> The task
Although the entries contain pictures, your copy should hold only their exact text.

### Data for processing ###

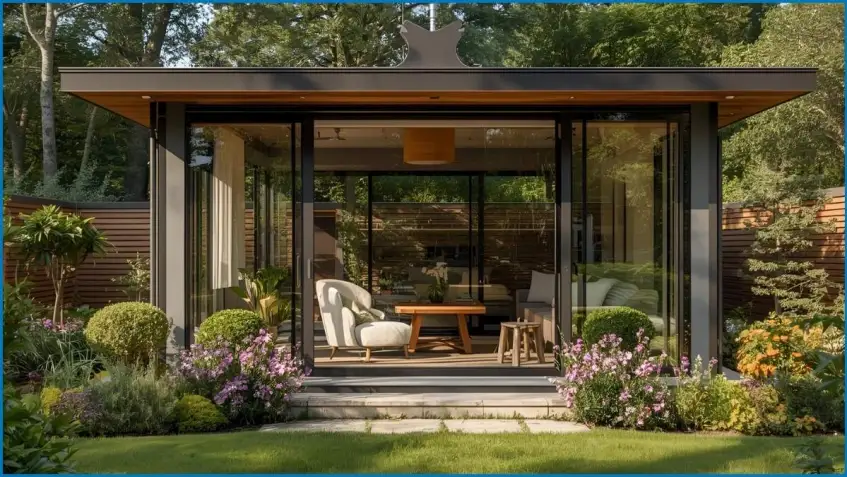 Ein Gartenbüro-Interieur mit großen Fenstern und Pflanzen.
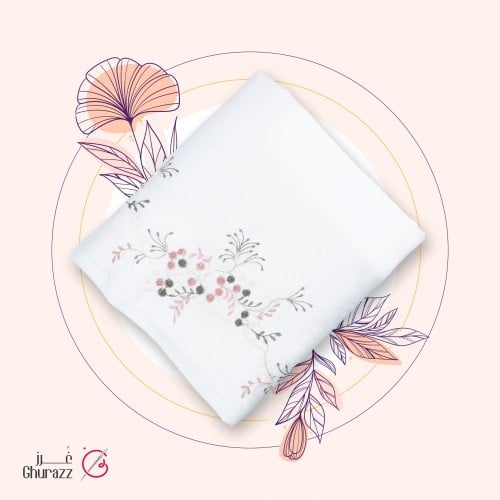 شرشف صلاة مشلح أبيض مطرز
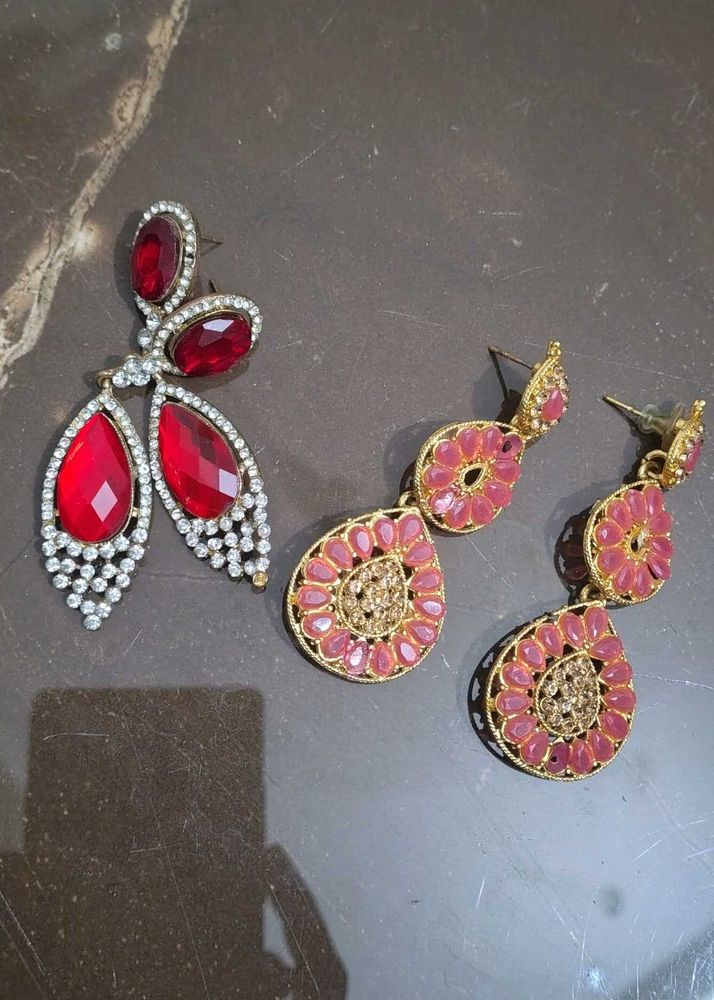 Red &amp; Pink Statement Earrings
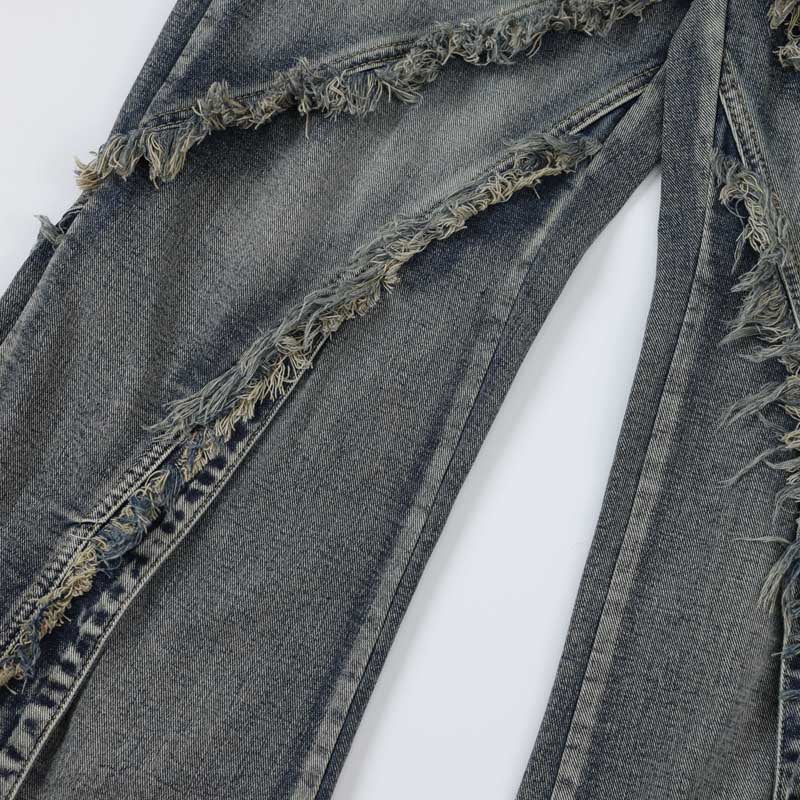 1984® Baggy Ripped Cargo Jeans Fringed - 1984brand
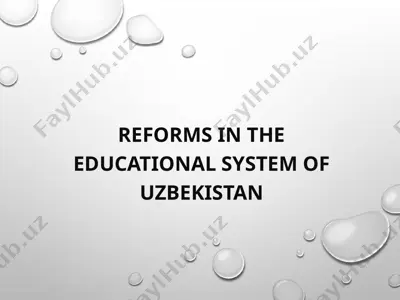 reforms in the educational system of uzbekistan — PPTX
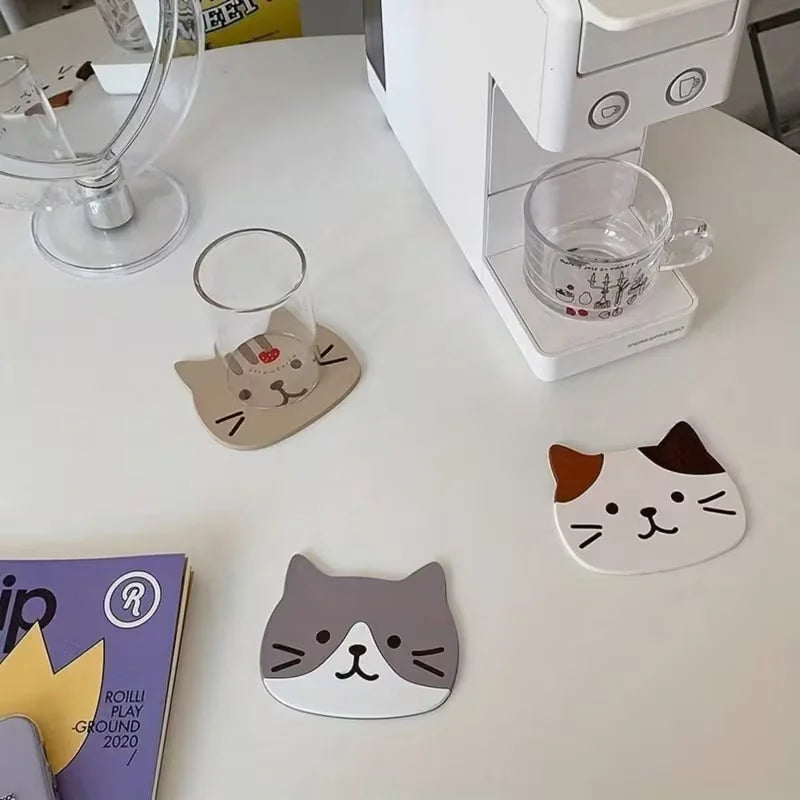 Heat-Resistant Cat Coasters Set of 3, Cute Cat Lover Home Decor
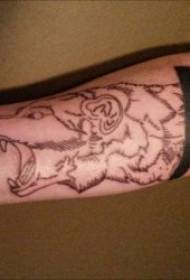 Модел за тетоважа на волк 10 црна сива шема на тетоважа на волци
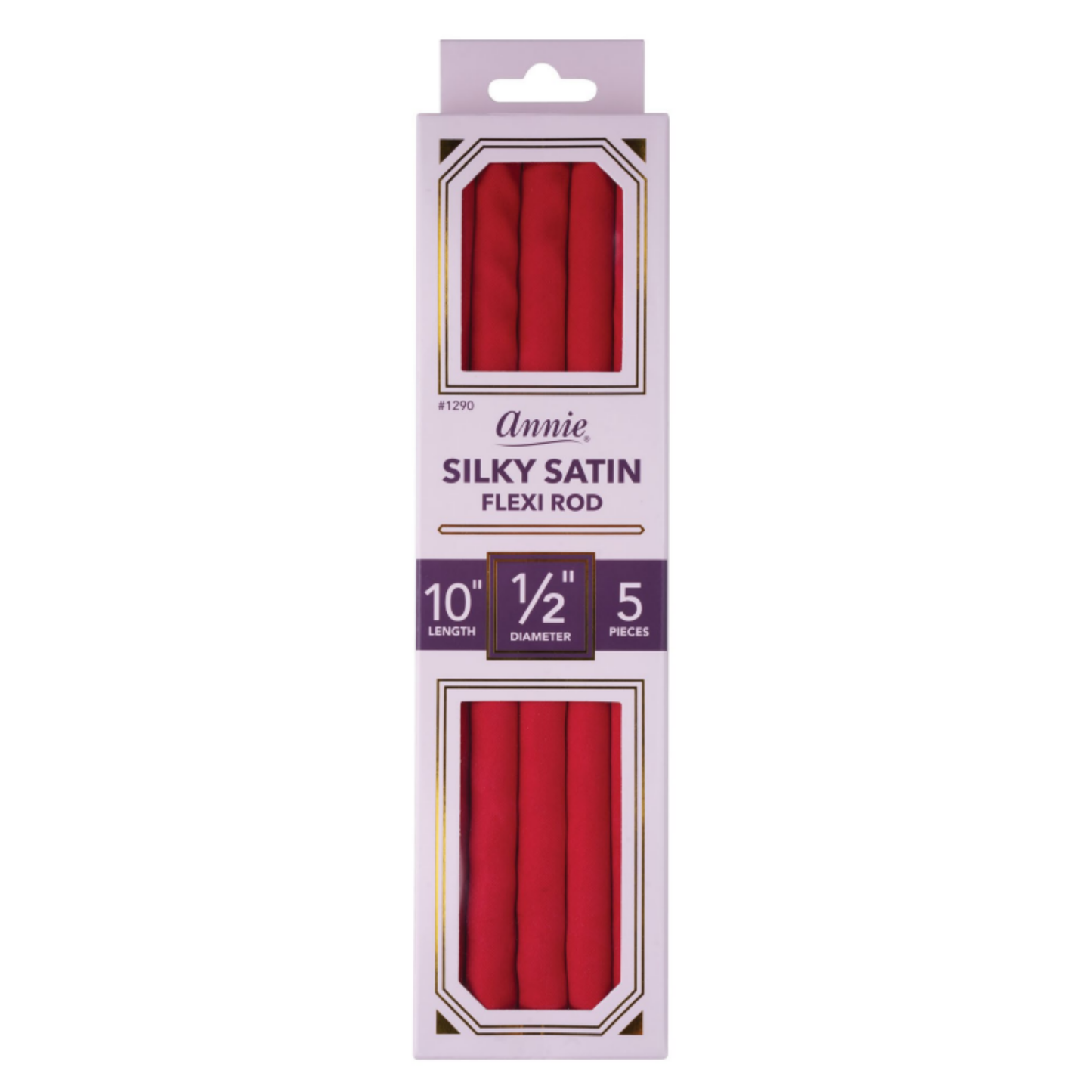 Annie Silky Satin Flexi Rods 1/2 Inch, 5 Count, Red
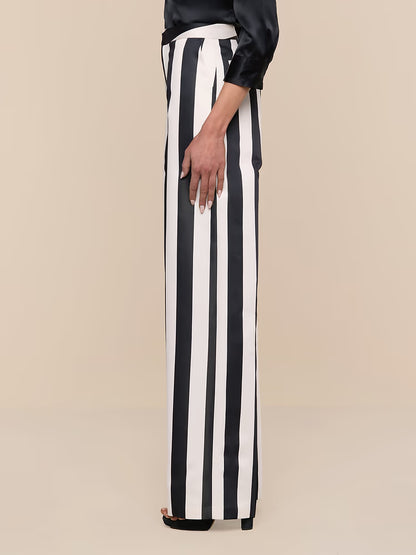Livvy Satin Straight-Leg Trouser Vintage White/Black Large Stripe - L'AGENCE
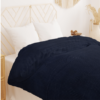 Winter Microfiber Flannel Reversible Double Bed Printed AC Comforter (Navy Blue)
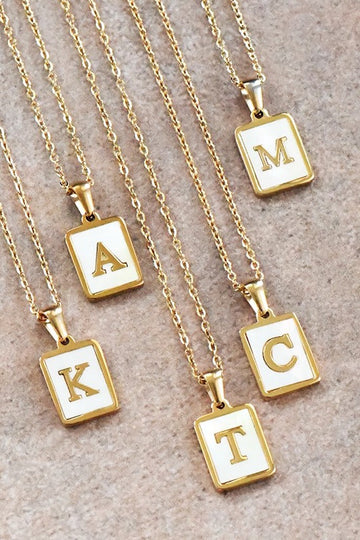 Initial Tag Necklace- White/Gold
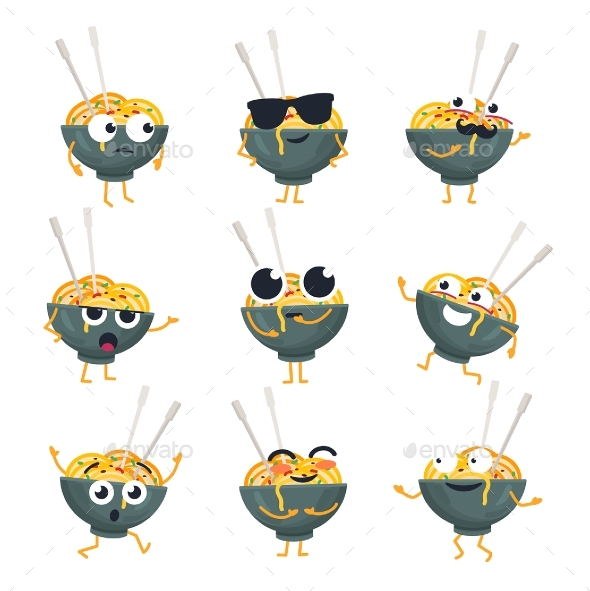 Wok Plate - Vector Isolated Cartoon - Miscellaneous Characters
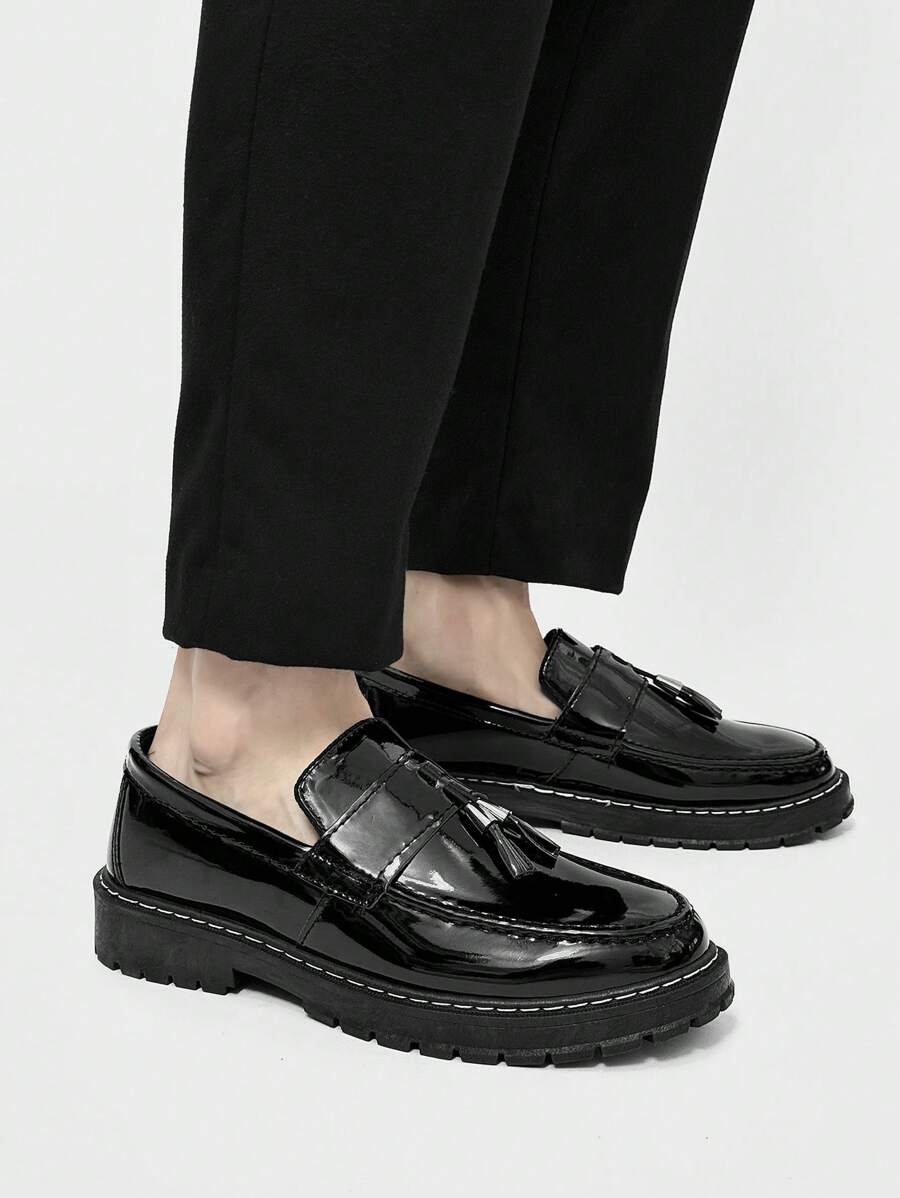 Men's Casual Thick Sole Slip-On Solid Black Leather Loafers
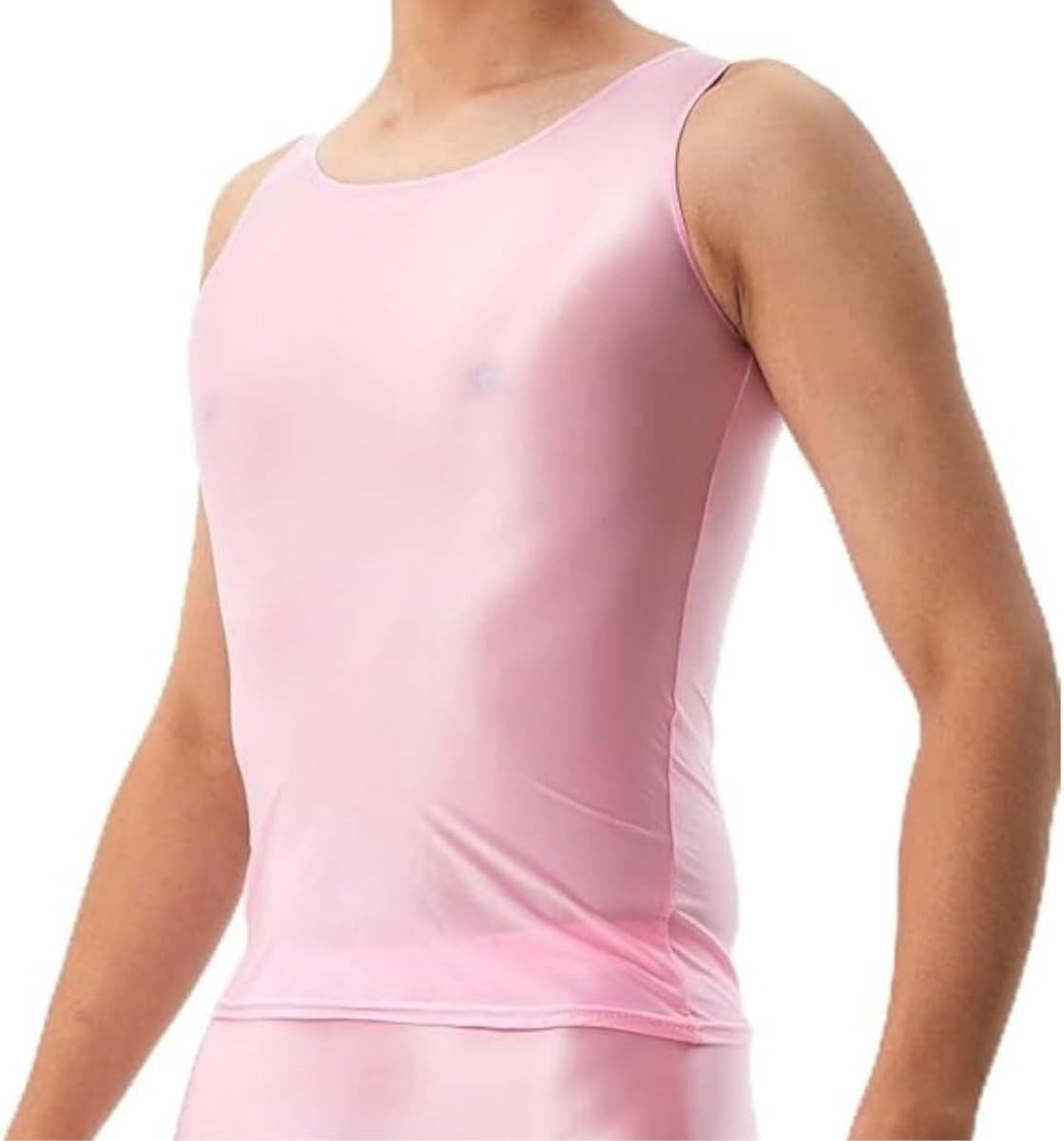 Stijlvolle Mouwloze Crop Tops, Stretchy Tank Tops voor een Gladde en Shiny Look, Translucente Muscle Tops voor Streetwear en Disco Feestjes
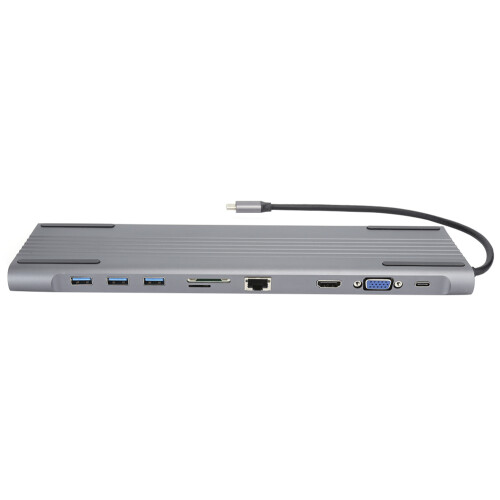 Σταθμός σύνδεσης USB C για φορητούς υπολογιστές, τριπλή ευελιξία οθόνης με HDMI VGA,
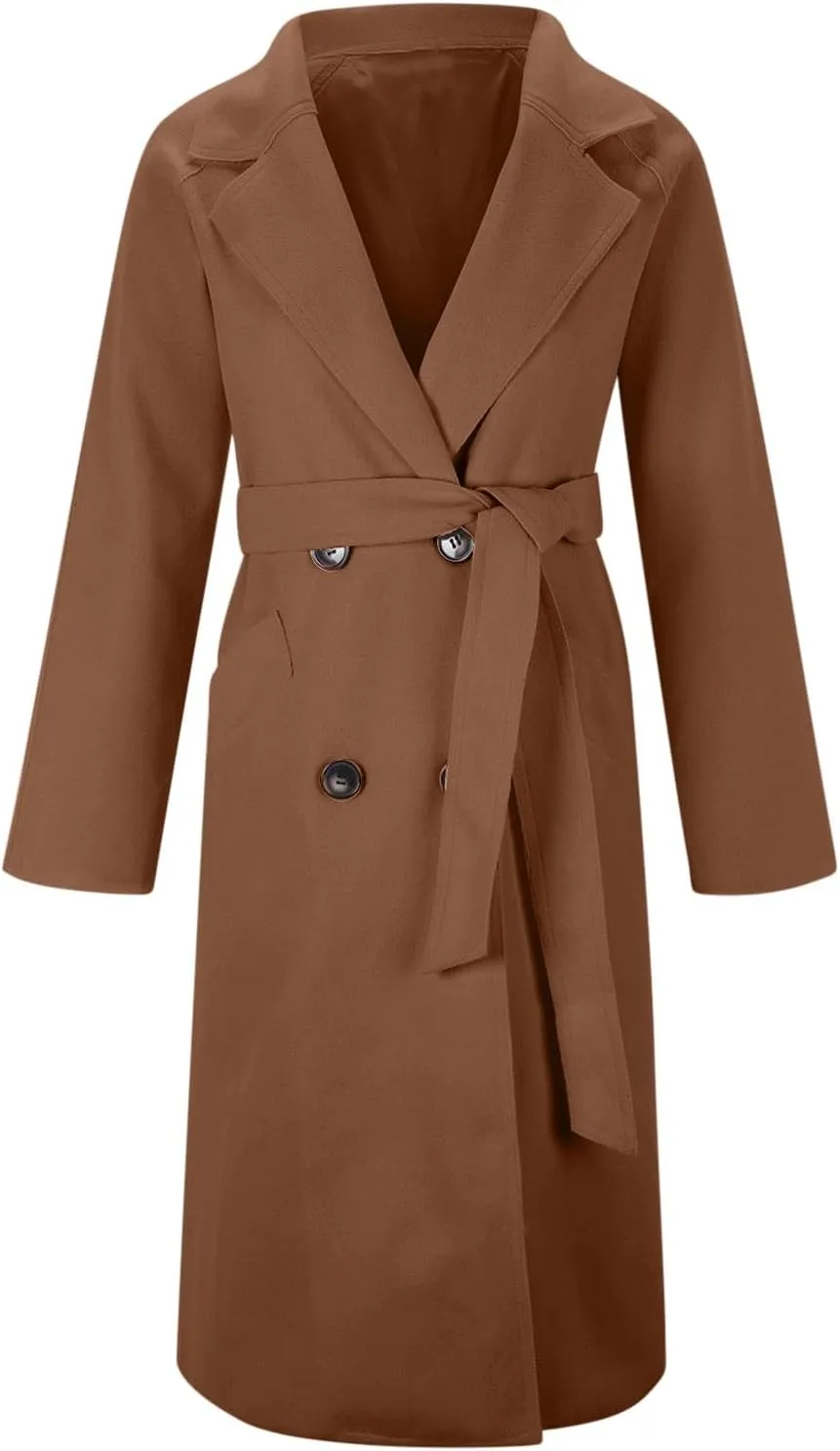 Wool Trench Coat for Women Double-Breasted Casual Work Office Jackets Winter Warm Mid-Long Overcoat With Belt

###

> Answer box
 Ein Gartenbüro-Interieur mit großen Fenstern und Pflanzen.
 شرشف صلاة مشلح أبيض مطرز
 Red &amp; Pink Statement Earrings
 1984® Baggy Ripped Cargo Jeans Fringed - 1984brand
 reforms in the educational system of uzbekistan — PPTX
 Heat-Resistant Cat Coasters Set of 3, Cute Cat Lover Home Decor
 Модел за тетоважа на волк 10 црна сива шема на тетоважа на волци
 Annie Silky Satin Flexi Rods 1/2 Inch, 5 Count, Red
Livvy Satin Straight-Leg Trouser Vintage White/Black Large Stripe - L'AGENCE
 Winter Microfiber Flannel Reversible Double Bed Printed AC Comforter (Navy Blue)
 Initial Tag Necklace- White/Gold
 Wok Plate - Vector Isolated Cartoon - Miscellaneous Characters
 Men's Casual Thick Sole Slip-On Solid Black Leather Loafers
 Stijlvolle Mouwloze Crop Tops, Stretchy Tank Tops voor een Gladde en Shiny Look, Translucente Muscle Tops voor Streetwear en Disco Feestjes
 Σταθμός σύνδεσης USB C για φορητούς υπολογιστές, τριπλή ευελιξία οθόνης με HDMI VGA,
 Wool Trench Coat for Women Double-Breasted Casual Work Office Jackets Winter Warm Mid-Long Overcoat With Belt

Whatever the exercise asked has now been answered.